• DATA:
┄┄┄┄┄┄┄┄┄┄┄┄┄┄┄┄┄┄┄┄

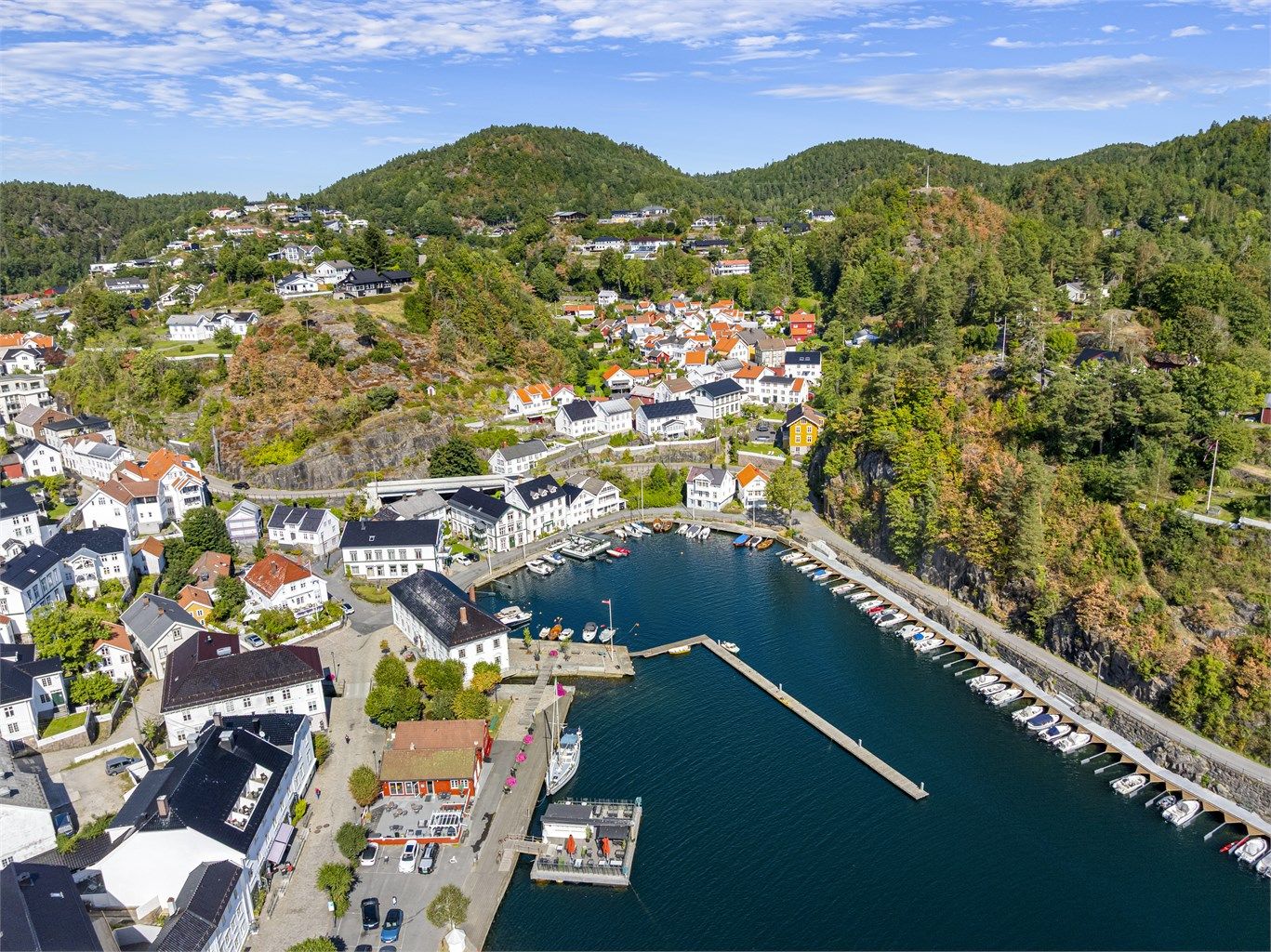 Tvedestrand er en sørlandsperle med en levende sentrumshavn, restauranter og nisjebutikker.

┄┄┄┄┄┄┄┄┄┄┄┄┄┄┄┄┄┄┄┄

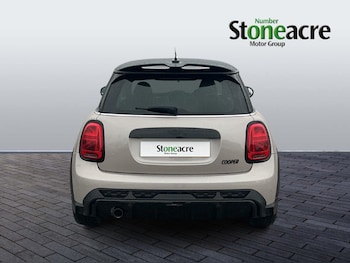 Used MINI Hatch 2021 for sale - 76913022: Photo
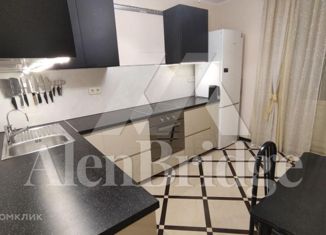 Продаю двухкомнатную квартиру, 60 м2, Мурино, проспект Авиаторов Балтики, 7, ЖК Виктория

┄┄┄┄┄┄┄┄┄┄┄┄┄┄┄┄┄┄┄┄

• TO DO:
In the listing above, the required lines run from the line with "Used MINI Hatch" through the line with "Продаю двухкомнатную квартиру, 60". Output exactly those lines, omitting pictures.

• RESPONSE TO THE TASK:
 Used MINI Hatch 2021 for sale - 76913022: Photo
 Продаю двухкомнатную квартиру, 60 м2, Мурино, проспект Авиаторов Балтики, 7, ЖК Виктория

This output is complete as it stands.